We are sorry for the inconvenience.

eyalsadeh · November 16, 2023, 2:16pm

ok, if the pdf is more simple then will this feature work?

asad.ali · November 16, 2023, 6:57pm

@eyalsadeh

We are afraid that it would not work because such implementation has not been made to the API. Can you please share an expected output XML for our reference? It would help us in investigation the ticket.

eyalsadeh · November 19, 2023, 7:16am

ok, then why do u provide a code example that is doing this? Are you sure about this?

Basically, we need to see the pdf text locations in the doc.

asad.ali · November 19, 2023, 10:24pm

@eyalsadeh

We are checking it and will get back to you shortly.

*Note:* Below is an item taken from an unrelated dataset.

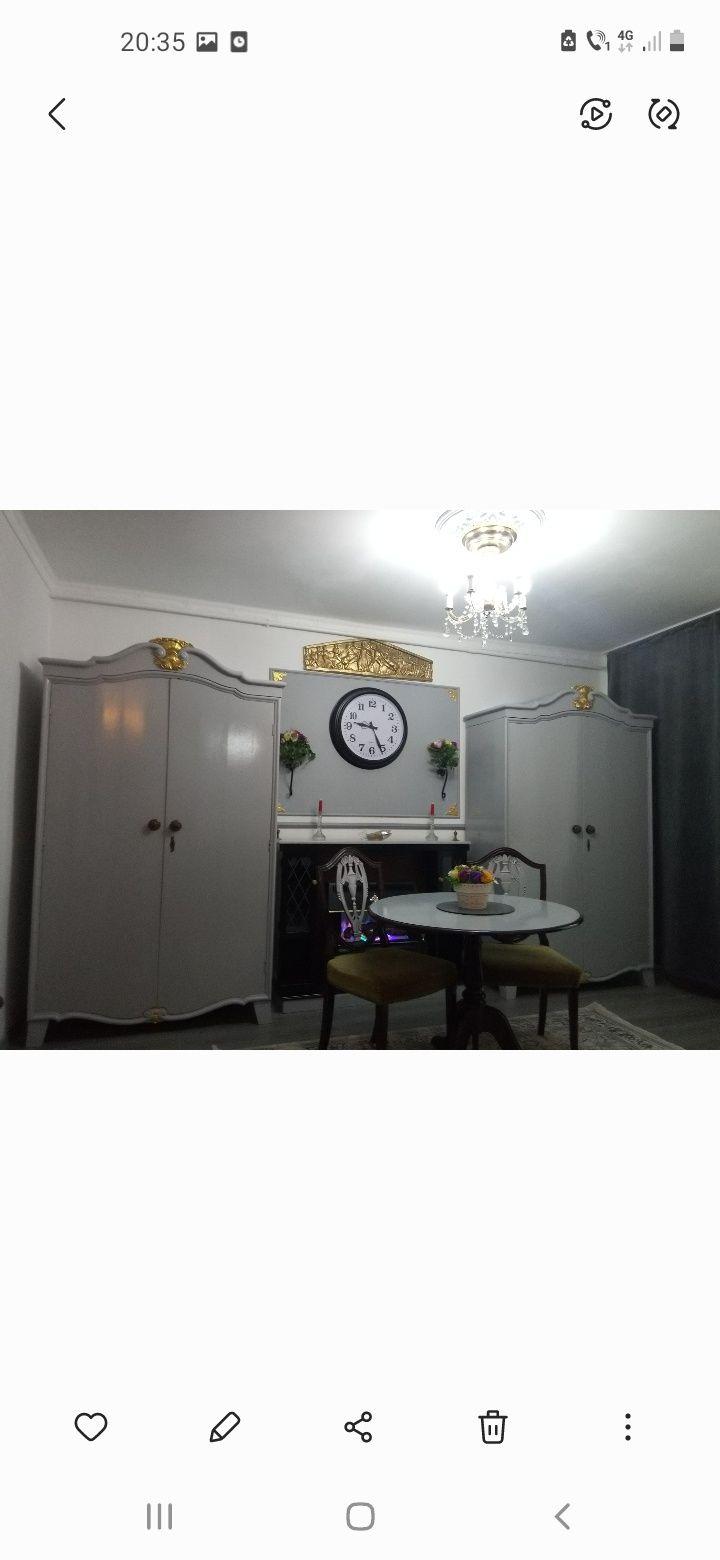 Garsoniera de închiriat - imagine 1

asad.ali · December 3, 2023, 8:44pm

@eyalsadeh

Several algorithms are used to convert XML to a resulting XML depends on it’s type, which can be tagged as document XML, excel-XML, svg-XML, or APS-XML.
The attached XML (which was received from the online converter) corresponds to APS-XML, so we recommend using the following code to obtain the saved result from the library:

Document document = new Document( dataDir+"template.pdf");
// save document in XML format
document.save( dataDir+"output_23_10_.xml", SaveFormat.Aps);